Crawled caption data
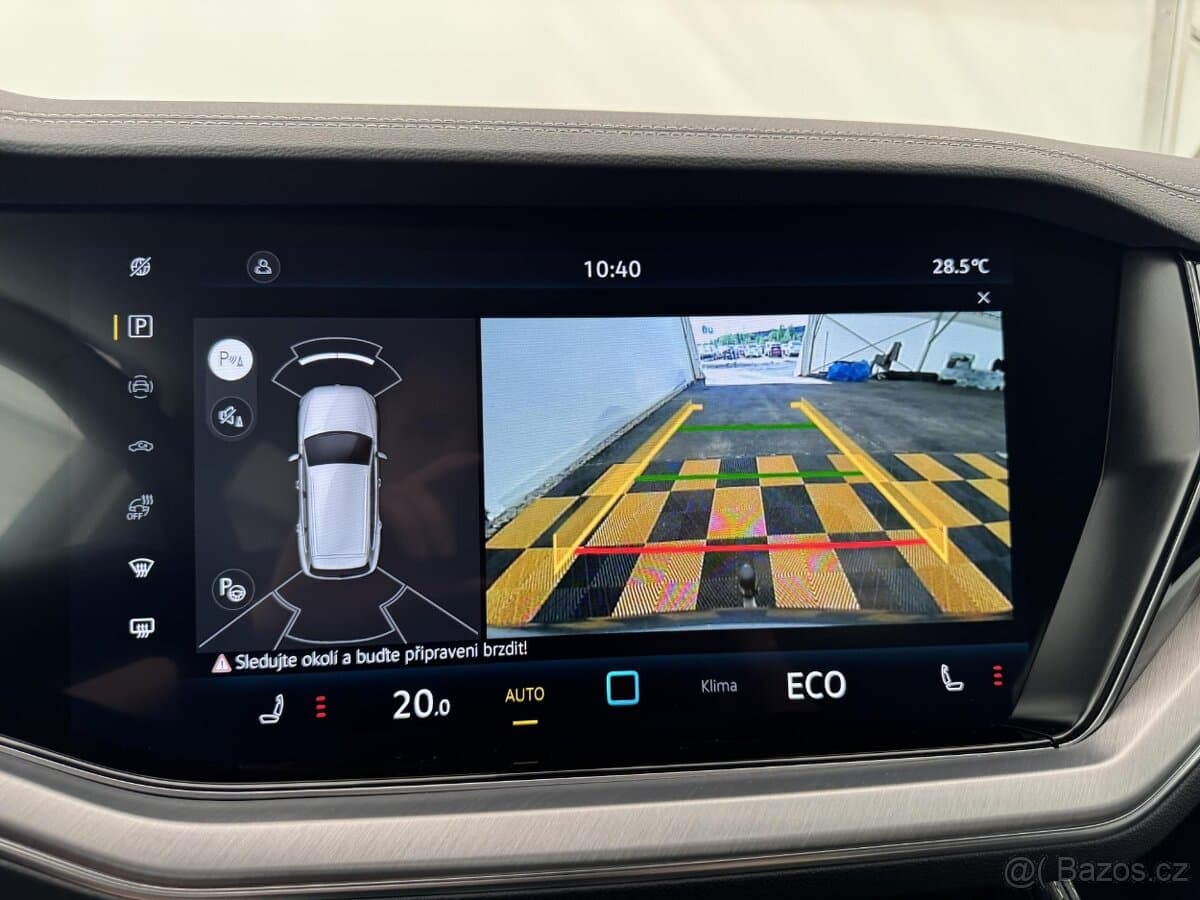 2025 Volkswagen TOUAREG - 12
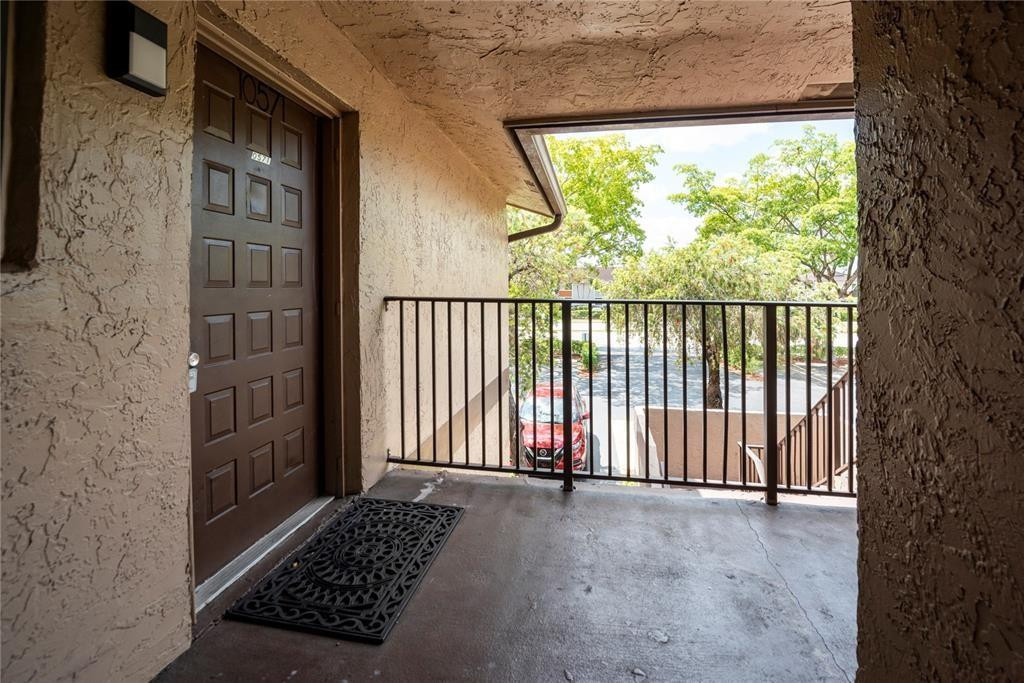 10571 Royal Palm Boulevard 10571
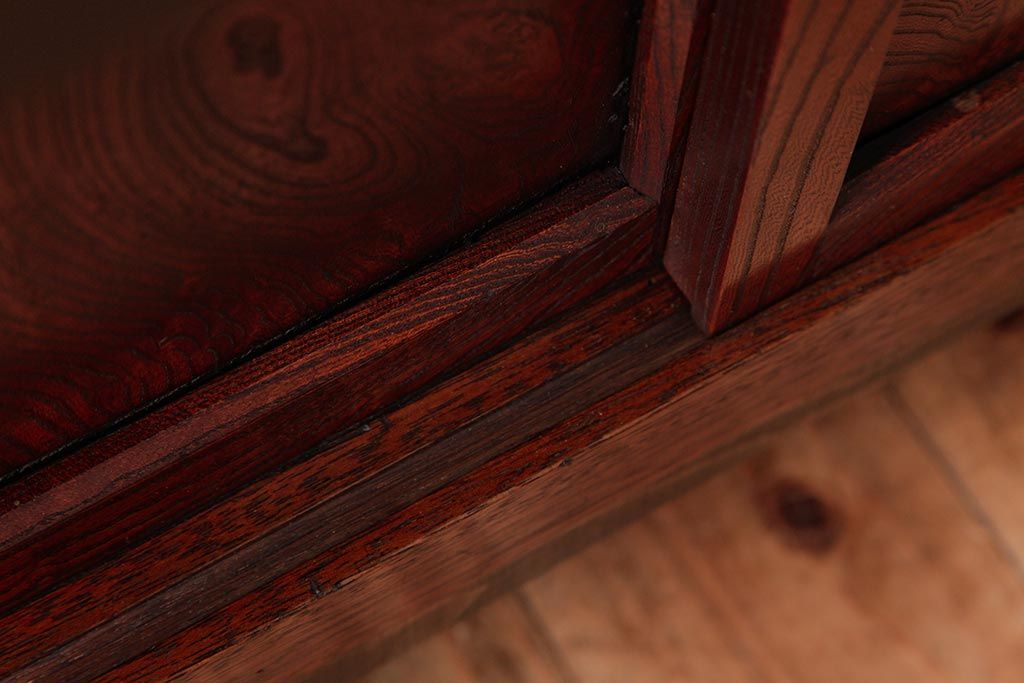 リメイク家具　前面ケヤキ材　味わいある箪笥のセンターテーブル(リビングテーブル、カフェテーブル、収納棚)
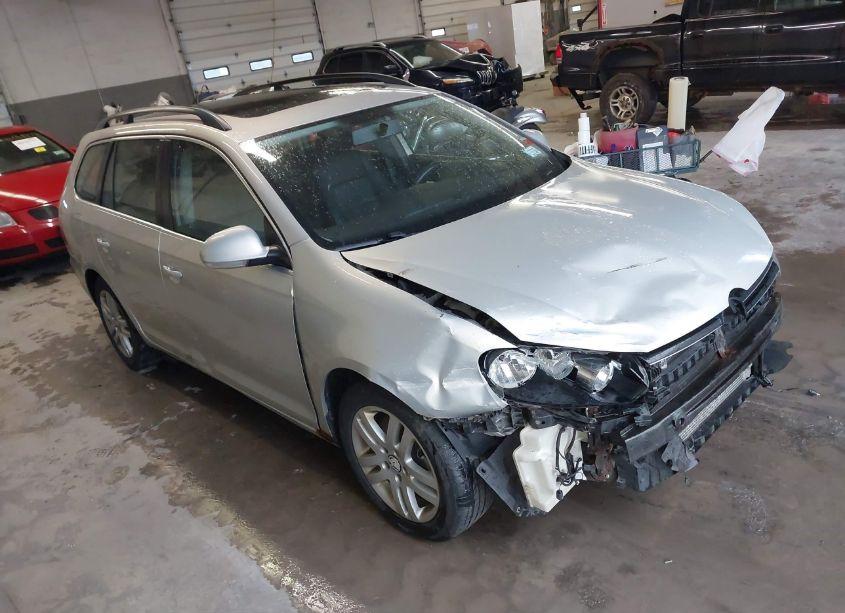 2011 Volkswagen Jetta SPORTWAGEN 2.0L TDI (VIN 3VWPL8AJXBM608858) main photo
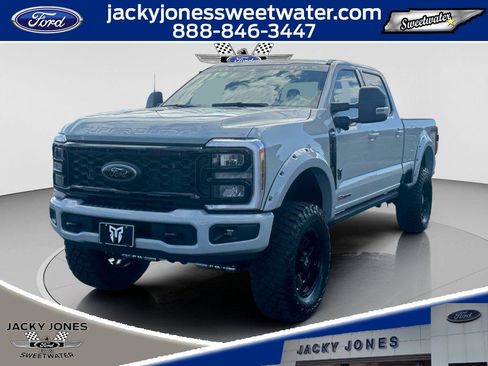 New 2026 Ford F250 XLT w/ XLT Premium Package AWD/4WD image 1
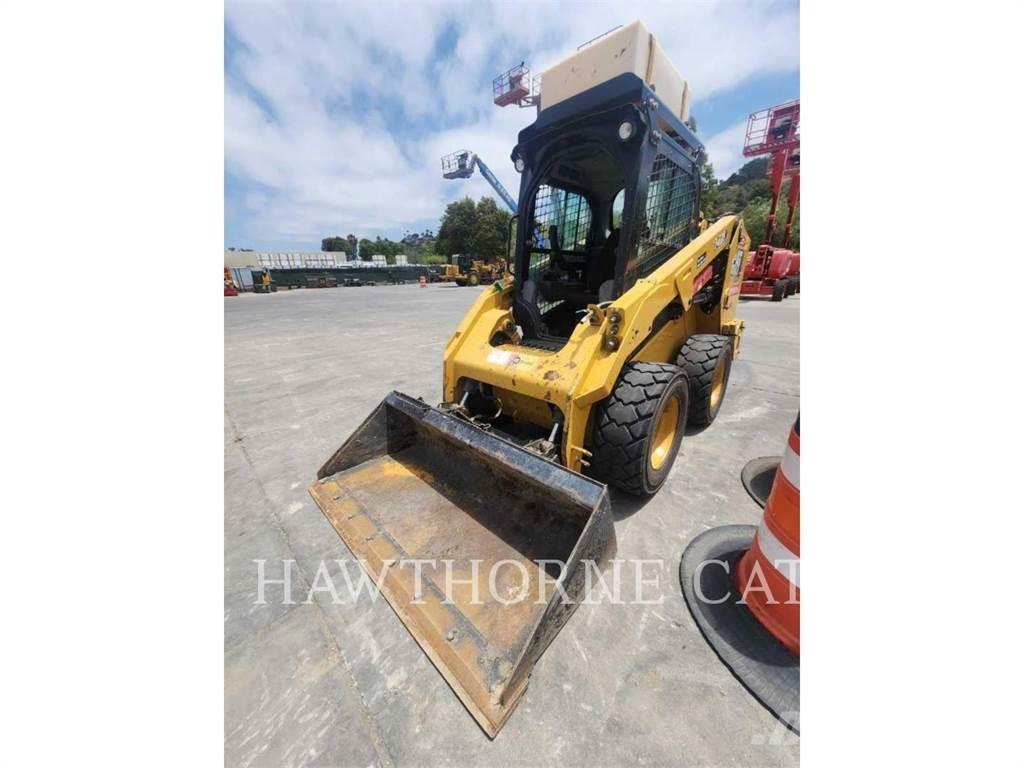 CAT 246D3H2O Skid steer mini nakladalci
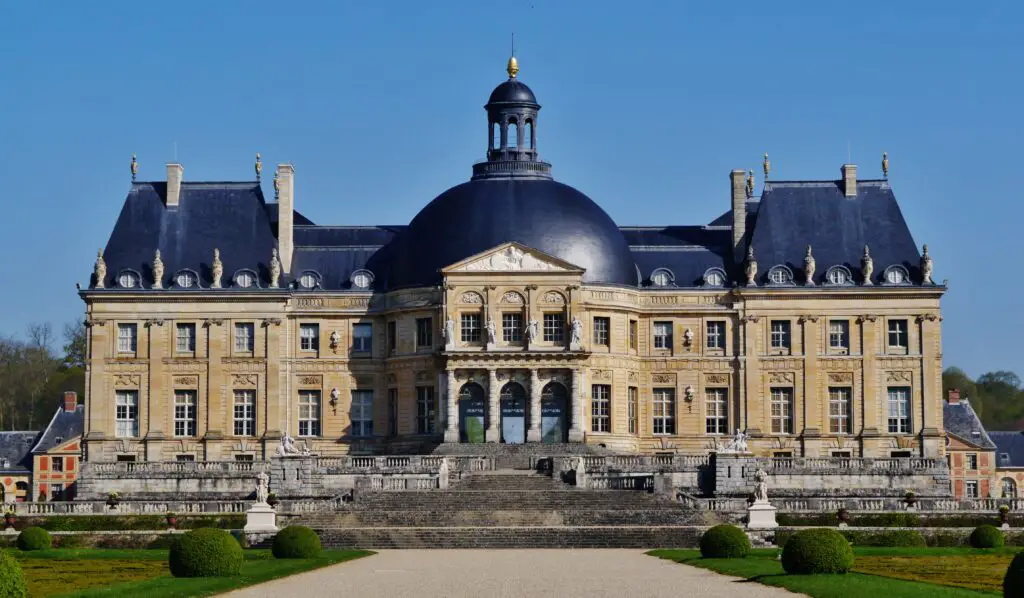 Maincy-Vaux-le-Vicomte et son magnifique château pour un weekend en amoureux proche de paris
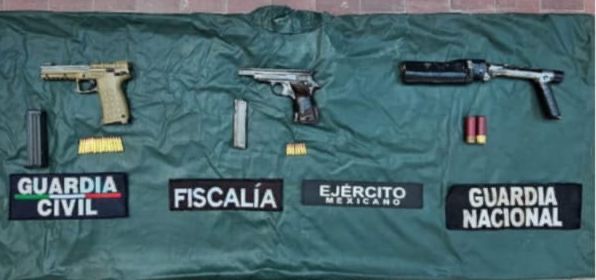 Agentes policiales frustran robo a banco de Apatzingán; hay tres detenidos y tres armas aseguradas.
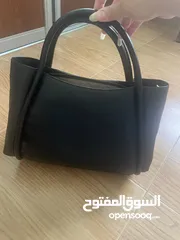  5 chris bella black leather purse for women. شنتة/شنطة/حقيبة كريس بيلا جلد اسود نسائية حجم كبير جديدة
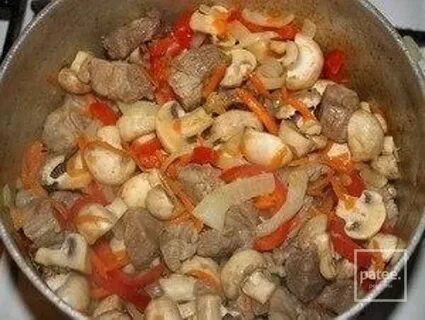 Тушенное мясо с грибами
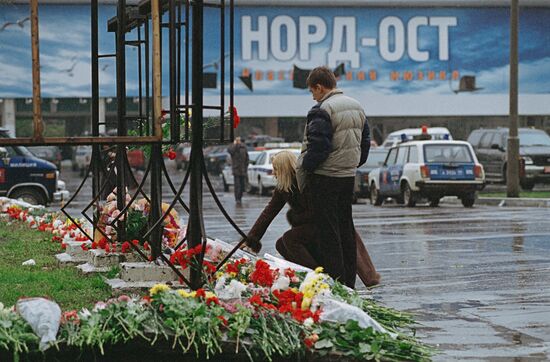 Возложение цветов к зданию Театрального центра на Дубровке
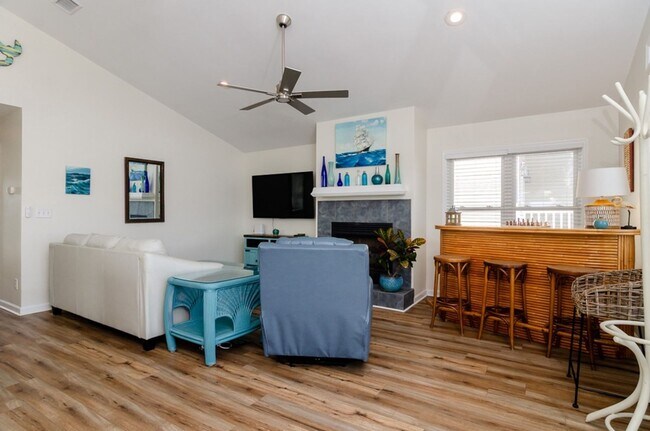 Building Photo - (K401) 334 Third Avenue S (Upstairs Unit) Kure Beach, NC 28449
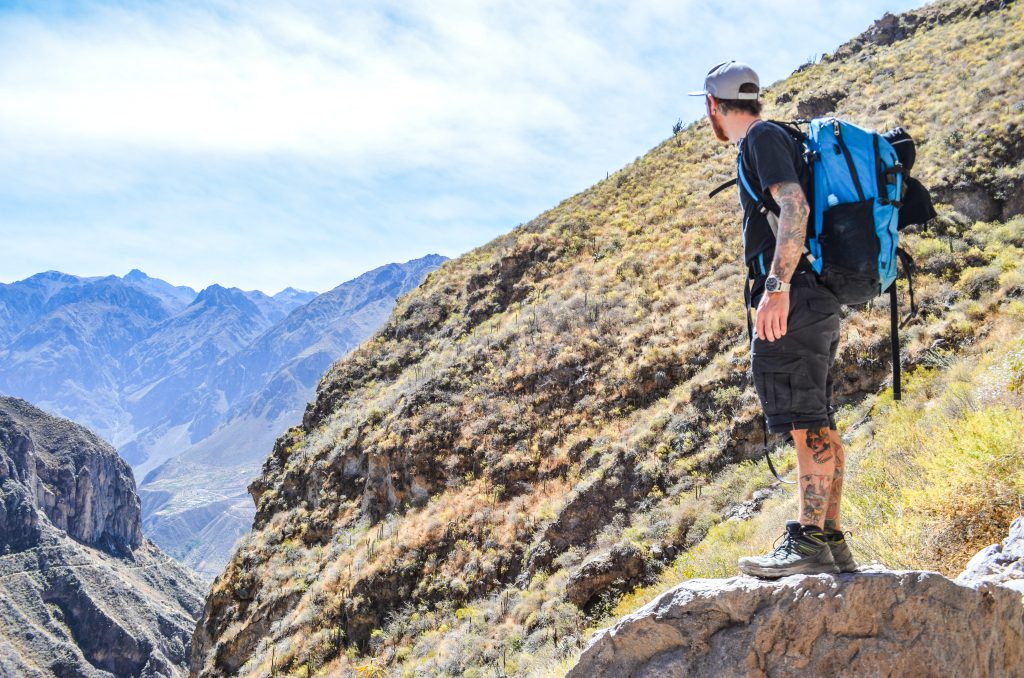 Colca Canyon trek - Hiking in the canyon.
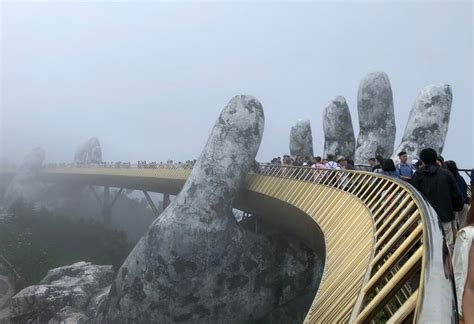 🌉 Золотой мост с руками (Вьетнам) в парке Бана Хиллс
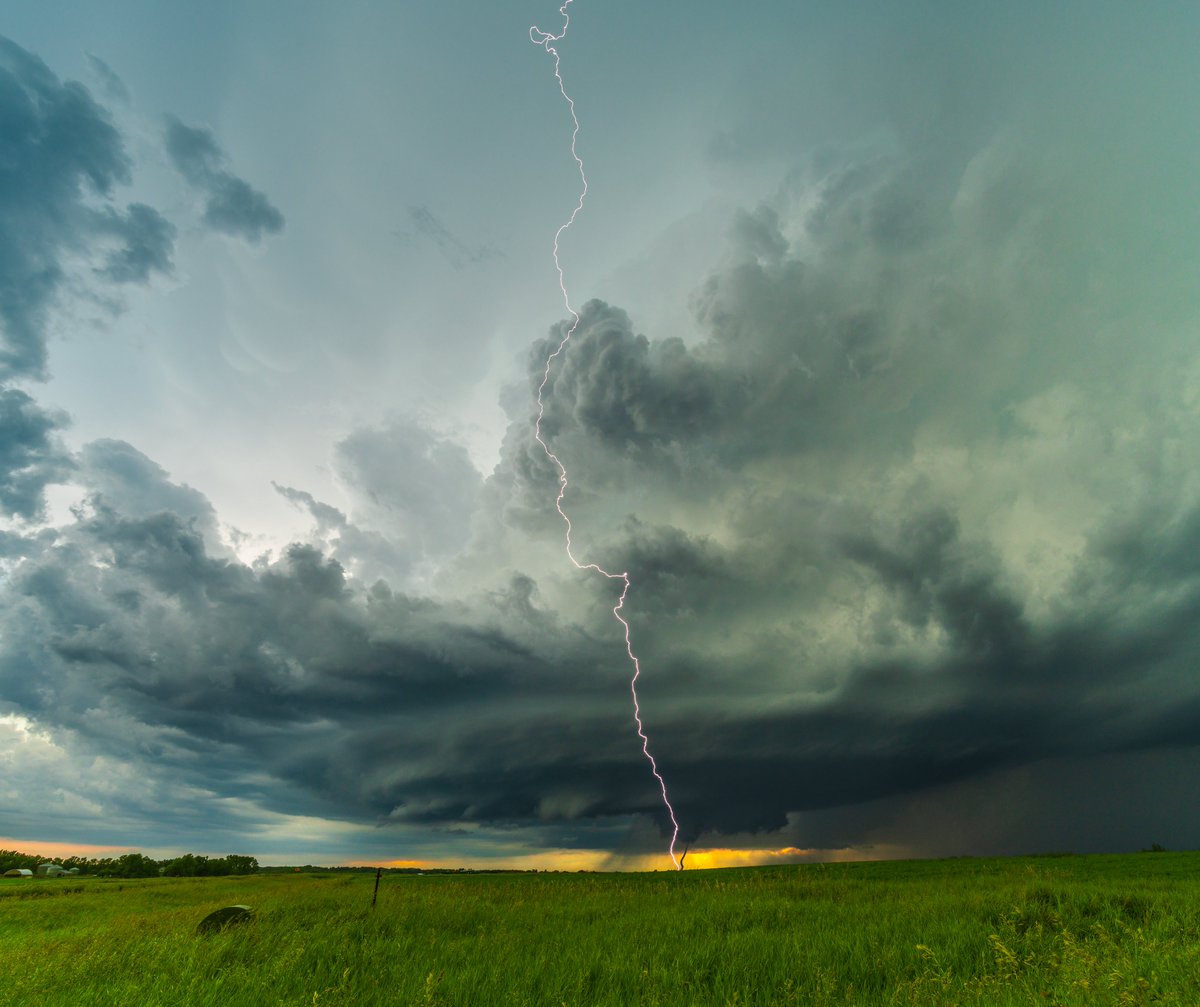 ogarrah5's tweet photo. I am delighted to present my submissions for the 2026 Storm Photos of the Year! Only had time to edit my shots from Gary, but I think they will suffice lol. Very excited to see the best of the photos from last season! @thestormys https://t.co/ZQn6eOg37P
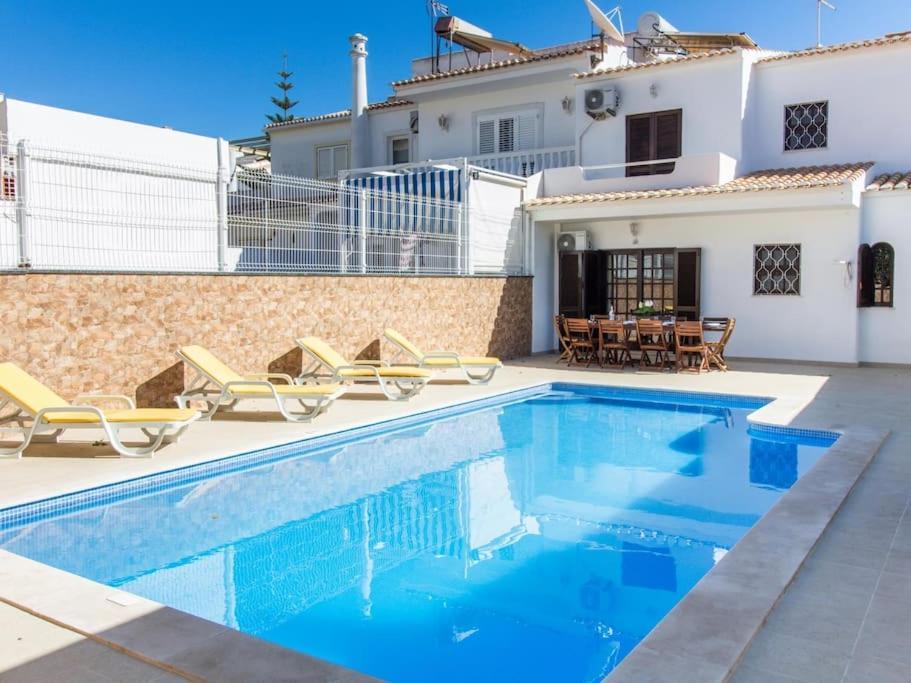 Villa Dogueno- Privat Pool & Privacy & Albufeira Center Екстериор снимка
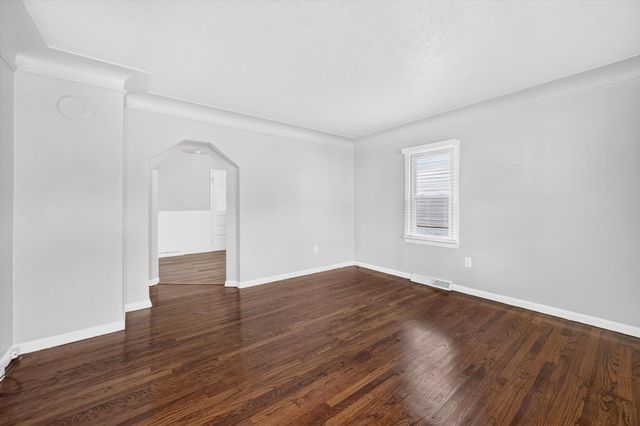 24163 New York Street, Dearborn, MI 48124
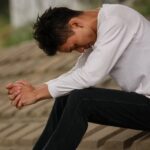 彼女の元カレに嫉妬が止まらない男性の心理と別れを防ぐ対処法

Work task
Using the entries above, transcribe every line from the line containing "Maincy-Vaux-le-Vicomte et son" through the line containing "Тушенное мясо с грибами". Do not copy pictures.

Answer section
 Maincy-Vaux-le-Vicomte et son magnifique château pour un weekend en amoureux proche de paris
 Agentes policiales frustran robo a banco de Apatzingán; hay tres detenidos y tres armas aseguradas.
  5 chris bella black leather purse for women. شنتة/شنطة/حقيبة كريس بيلا جلد اسود نسائية حجم كبير جديدة
 Тушенное мясо с грибами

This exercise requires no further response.